### WHAT TO WORK ON
When you come to a picture, pass over it, and set down the entries below exactly.

BEGIN

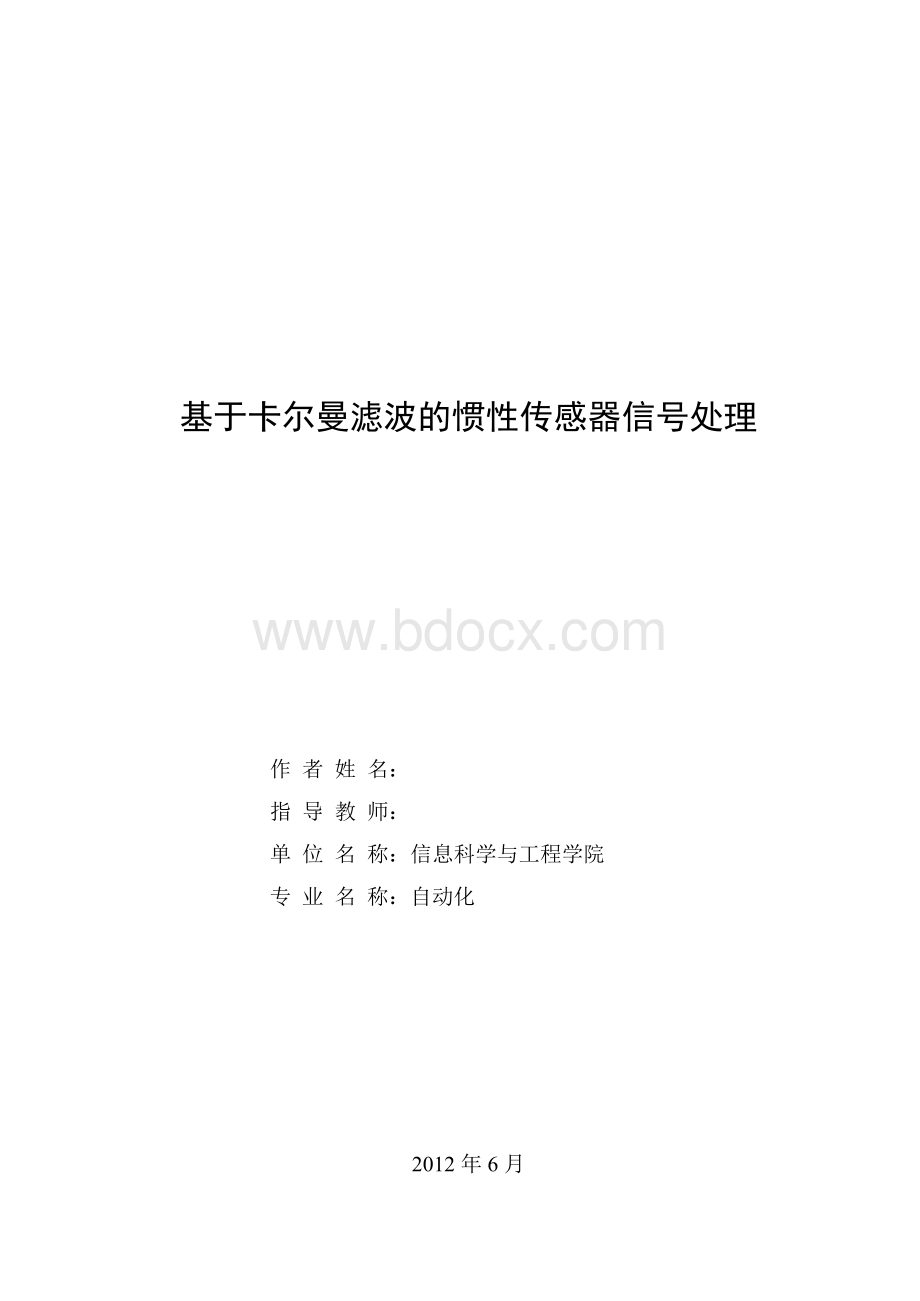 基于卡尔曼滤波的惯性传感器信号处理 毕业论文Word格式.docx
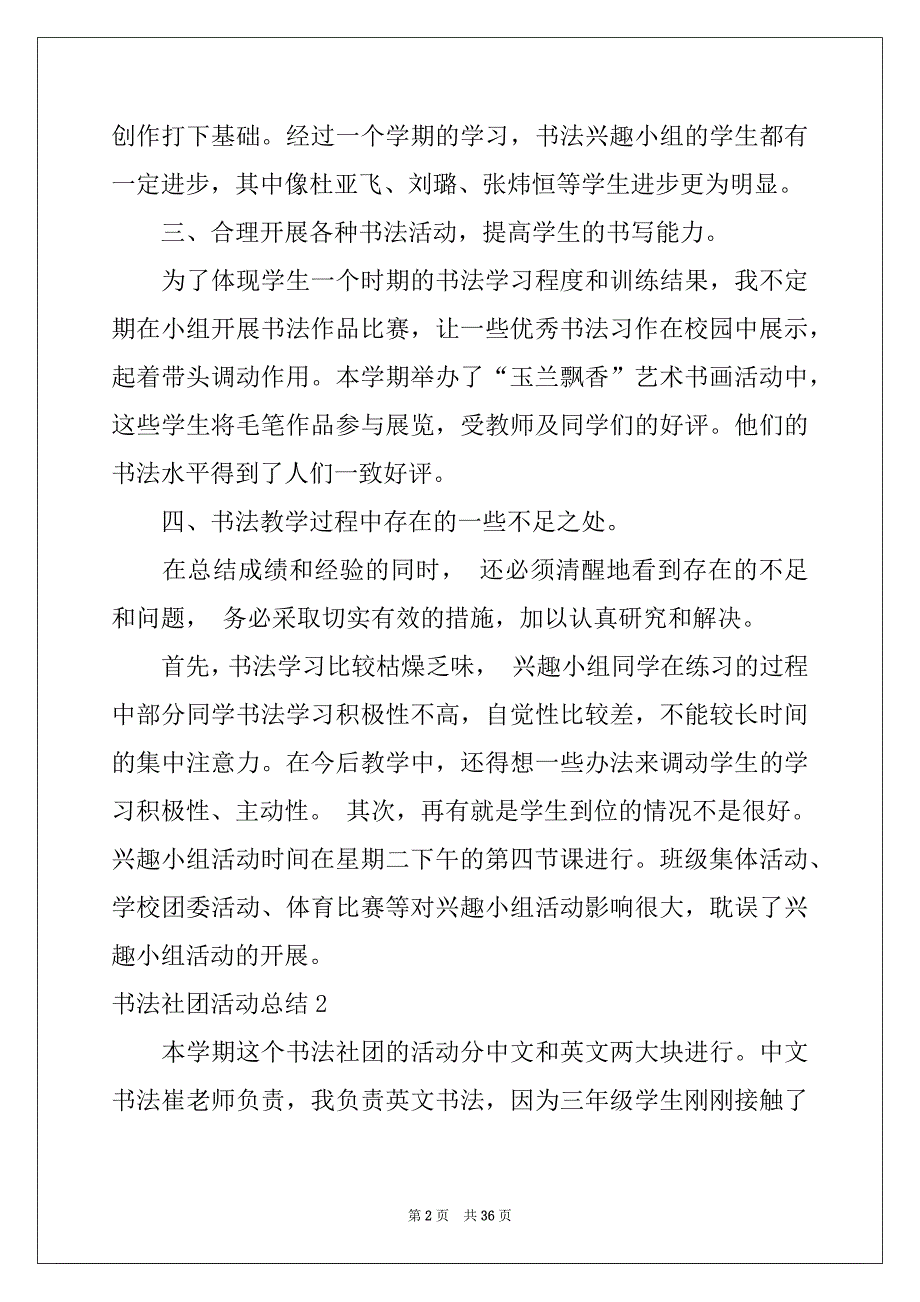 2022-2023年书法社团活动总结例文7_第2页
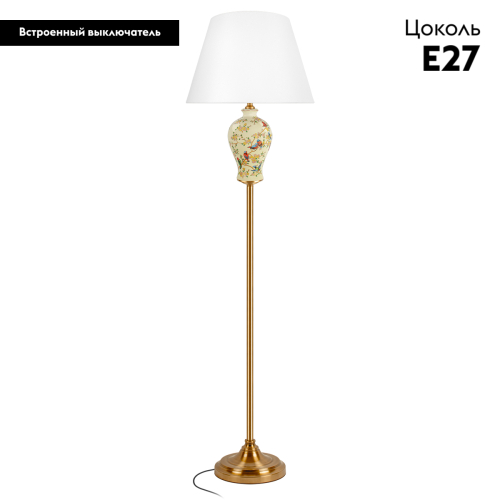 Торшер Loft IT Gladiole 10382F изображение в интернет-магазине Cramer Light фото 2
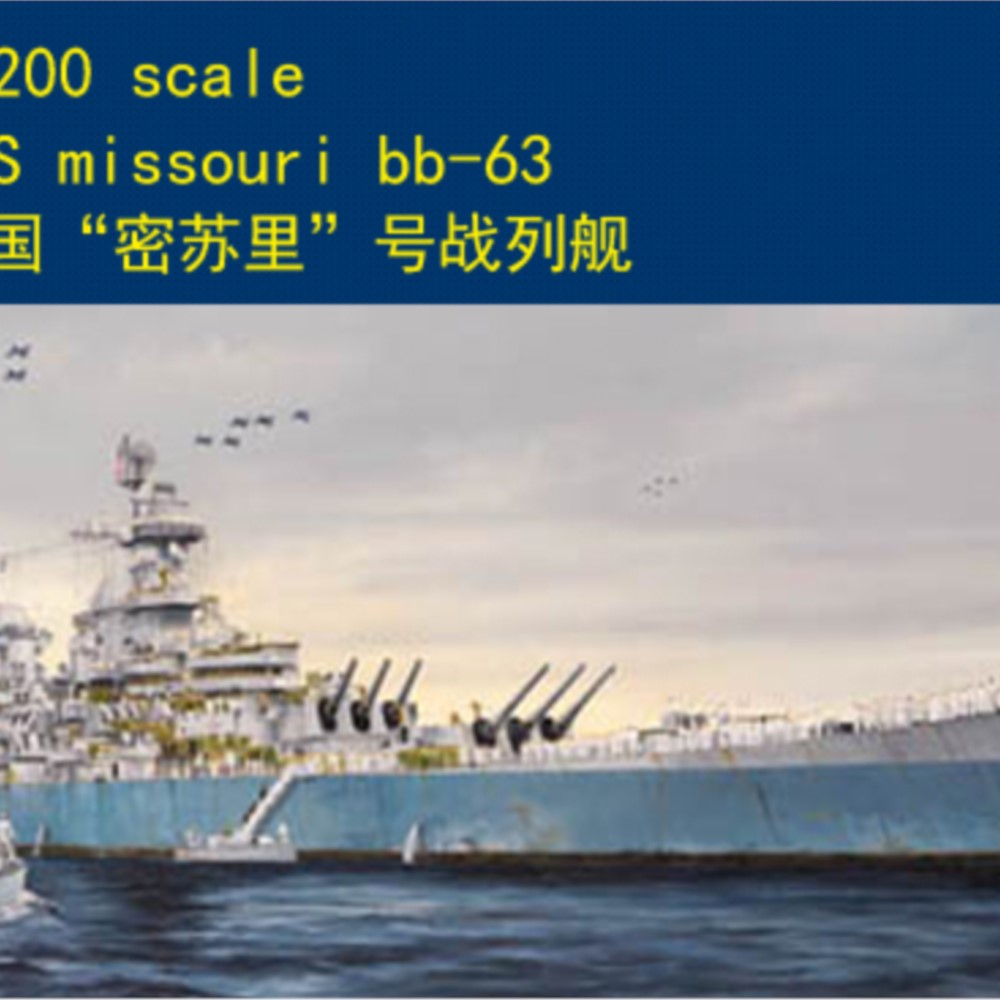 Model Kit Uss Missouri - Trumpeter 03705 1/200 USS Missouri BB-63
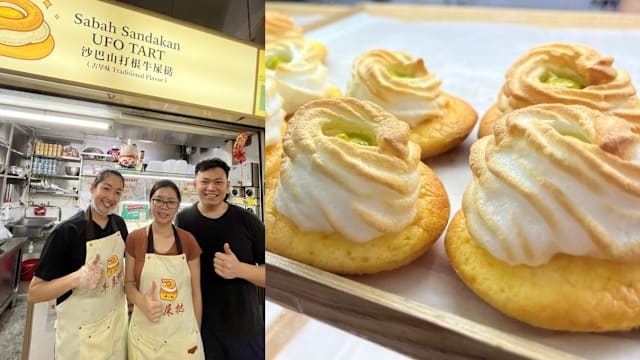前同乐厨房经理继炸肉面后，再开档卖山打根古早味牛屎挞!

END

### OUTPUT OF THE TASK
 基于卡尔曼滤波的惯性传感器信号处理 毕业论文Word格式.docx
 2022-2023年书法社团活动总结例文7_第2页
 Торшер Loft IT Gladiole 10382F изображение в интернет-магазине Cramer Light фото 2
 Model Kit Uss Missouri - Trumpeter 03705 1/200 USS Missouri BB-63
前同乐厨房经理继炸肉面后，再开档卖山打根古早味牛屎挞!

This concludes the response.